The U.S. government’s prepublication review process for written works by certain current and former government officials is a mammoth system of prior restraint that impacts the speech of millions. We and others have highlighted the problems with this system, including its scale, lack of adequate process, arbitrariness, violation of the First Amendment, massive chilling effect, and adverse consequences for national security. 

The challenge has been figuring out a way to fix the system. Almost six years ago, the House Permanent Select Committee on Intelligence (HPSCI)  expressed its concerns with the pre-publication review process and directed the intelligence community (IC) to issue a policy within 180 days that was more consistent with due process and the First Amendment. Though the IC normally takes steps to comply with such non-legislative HPSCI directives “as a matter of comity,” six years later the IC has not implemented a change in prepublication policy. Another route to change – litigation to challenge the constitutionality of the prepublication review system – has been rare. The main reason is the widely held belief that the Supreme Court blessed the modern massive prior restraint system in the 1980 case Snepp v. U.S

This belief is false: the Supreme Court did no such thing in Snepp.

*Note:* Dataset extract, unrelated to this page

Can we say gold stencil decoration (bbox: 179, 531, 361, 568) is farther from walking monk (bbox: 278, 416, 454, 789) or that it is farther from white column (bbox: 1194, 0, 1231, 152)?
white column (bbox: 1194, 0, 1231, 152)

In explaining why this is so, this post and a subsequent one draw on an amicus brief that we filed in support of the pending cert. petition in Edgar v. Haines. The petition asks the Court to overrule Snepp or to clarify that lower courts should not read the decision to preclude meaningful scrutiny of the federal government’s current prepublication review regime under the First Amendment. The thrust of our amicus brief is that Snepp is an illegitimate foundation for today’s prior restraint system. (David Zimmer and Benjamin Hayes of Goodwin Procter, to whom we are very grateful, drafted and filed the brief, which we rely on here in part.) The first reason for this conclusion, discussed in this post, is that the Supreme Court in Snepp decided the foundational First Amendment issue in a brief footnote in the procedural history section of a shadow docket summary reversal without merits briefing or oral argument, and with other procedural irregularities. The second reason, discussed in subsequent posts, is that the illegitimate decision in Snepp became the foundation for a massively broader, different-in-kind, and worse system of prepublication review than was in place at the time of Snepp.  

The Background to Snepp 

The prepublication review system in place when Snepp was decided in 1980 is nothing like the one that today restricts the speech of many millions of current and former government employees. Prepublication review began in the 1950s as a small and casual system in the Central Intelligence Agency and the National Security Agency. With the increase in writing by current and former officials amidst the 1970s upheavals sparked by Watergate and the Church Commission, the CIA in the late 1970s established a Publication Review Board to review the writings of current and former agency officials. In 1980, the year Snepp was decided, only 148 publications were submitted for review.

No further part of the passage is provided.